John Moran

Personal information
- Full name: John Malcolm Moran
- Born: 19 March 1948 Taree, New South Wales, Australia
- Died: 19 February 2024 (aged 75)

Playing information
- Position: Centre
Club
| Years | Team | Pld | T | G | FG | P |
| 1969–73 | Penrith | 50 | 15 | 0 | 0 | 45 |
| 1974–77 | Parramatta | 33 | 9 | 0 | 0 | 27 |
|  | Total | 83 | 24 | 0 | 0 | 72 |
- Source:
- Relatives: Grahame Moran (brother)

= John Moran (rugby league) =

Australian rugby league footballer (1948–2024)

John Moran (19 March 1948 – 19 February 2024) was an Australian former rugby league footballer who played in the 1960s and 1970s. He played for Penrith and Parramatta in the NSWRL competition. Moran is the younger brother of Penrith hall of fame member Grahame Moran.

==Playing career==
Moran was a Penrith junior and made his first grade debut for the club in 1969. Moran spent 5 seasons at Penrith as it struggled to be competitive in the NSWRL competition finishing down the bottom of the table and finishing last in 1973. In 1974, Moran joined Parramatta and his first season at the club was a tough one as it finished second last only avoiding the wooden spoon by for and against. In 1975, Parramatta signed former St George player Norm Provan as head coach and the club went from easy beats to a competitive side finishing 5th on the table and qualifying for the finals. Moran was not featured in either of Parramatta's final matches. In 1976, Provan left the club as head coach and was replaced by Terry Fearnley. Parramatta went on to finish second in the regular season and qualified for the finals. Parramatta went on to defeat St George 31-6 with Moran scoring a try and Manly 23-17 to reach their first ever grand final.

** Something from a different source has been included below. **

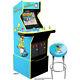 Arcade 1up The Simpsons, 4 Player Arcade Machine With Riser & Stool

In the 1976 grand final with 10 minutes remaining, Parramatta passed the ball from one side of the field to the other. The second last pass reached Moran who drew his marker in and passed it to winger Neville Glover, who had the try line unmarked. Glover dropped the pass thrown by Moran over the line. The try may have given Parramatta its first premiership victory. Manly went on to win the grand final 13-10. The following year, Parramatta won its first ever minor premiership and reached its second consecutive grand final against St George. The grand final ended in a 9-9 draw and the teams needed to return the following week for a replay. St George went on to overpower Parramatta to win 22-0. Moran featured throughout the season but did not play in the finals or the grand final.